Edith shook her head. “It’s no joke. Those guards downstairs had rifles on their shoulders. He’s arming the hods. I’m sure you can see the problem some of the ringdoms would have with that.”
“Why did Marat call you a Wakeman? A Wakeman is a guard, isn’t it?”
“Sort of,” she murmured in distraction. At last she found a seam in the curtain and parted the drapery a little. “If the point is to keep us from leaving, why not just lock the cage. That’s what it’s for! What’s the point of leaving us with a choice?”
“Because we are uncertain, and he knows it. If we chose to walk out that door, they might stop us, put us in shackles, and post guards outside. And then we’d be well and truly imprisoned,” Senlin said. “But with the door open, they permit us at least the illusion of freedom. And it’s quite difficult to escape an illusion. They think we will prefer imaginary freedom to certain imprisonment.”
She peered through the gap in the curtain. “But if we don’t have any choice but to stay, then it’s already a prison,” she said.
“Not until we try to leave.”
“And around we go.” She craned about to get a better view of the adjoining room, then stopped and frowned. “Tom, look at this.”
Senlin crossed the room, pinched the curtain where she held it for him, and gazed through. The cell was crowded with racks of rifles that stood as thick as wheat in a field.
“My word. How did a fraternity of hods manage to amass such an arsenal?”
“There’s something else,” Edith said.
A glass case stood against the far wall. Inside it, five identical picture frames hung in a row. The paintings in the frames were also apparently identical. Each was of a girl in a white bathing dress standing in a shimmering body of water. They were copies of the Ogier inside Senlin’s pocket.
“How is that possible?” Senlin asked in agitation. “Are they forgeries? They must be. But why would anyone collect fakes?” With each successive question, his frustration mounted, and he felt a strange swinging sensation as if the floor were teetering under him. “Why does it keep coming back to this confounded picture? Don’t you feel as if we are always striving to understand, on a most rudimentary level, what is happening to us? Why must everything be such a battle?”
He lurched about to face the room, almost panting with distress. His hands shook at his sides. He suddenly felt very unwell.
And there was Marya, sitting on the table, holding his tricorne hat in her lap. She was as she appeared in Ogier’s painting of her: unclothed.
His wife smiled at him as if his panic was just an act, as if he was clowning for her. “It’s only a battle if you put up a fight,” she said.
Senlin fainted dead on the floor.
Voleta had no doubt that the Captain was in trouble. He might not know it yet, but he and Mister Winters had fallen in with some bad characters. Who knew how many bodies they’d stuffed under the sod? She had to find her friends and warn them, or if they were already caught, she would have to get them out. It was her turn to come to the rescue. And maybe find some food along the way. Surely the Captain wouldn’t have a conscience against borrowing some dinner from a clan of murderers.
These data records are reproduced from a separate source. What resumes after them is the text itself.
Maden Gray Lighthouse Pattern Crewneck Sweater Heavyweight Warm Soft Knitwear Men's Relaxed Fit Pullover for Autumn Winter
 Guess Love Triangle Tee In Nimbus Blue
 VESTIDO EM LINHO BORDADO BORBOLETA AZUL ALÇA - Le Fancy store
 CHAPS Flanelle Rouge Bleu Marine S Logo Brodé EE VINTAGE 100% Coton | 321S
The question was how to get across all that open ground and into the Zoo without being spotted by the babblers.
She had to think of something and quickly.
Inspiration never came to her so long as she was sitting still. Adam accused her of wandering off, but what her brother didn’t understand was that her legs pedaled her thoughts. Inactivity made her stupid. People who could sit in a chair, open a book, and just think themselves around the world were magicians as far as she was concerned.
So, she decided to pedal her thoughts a little.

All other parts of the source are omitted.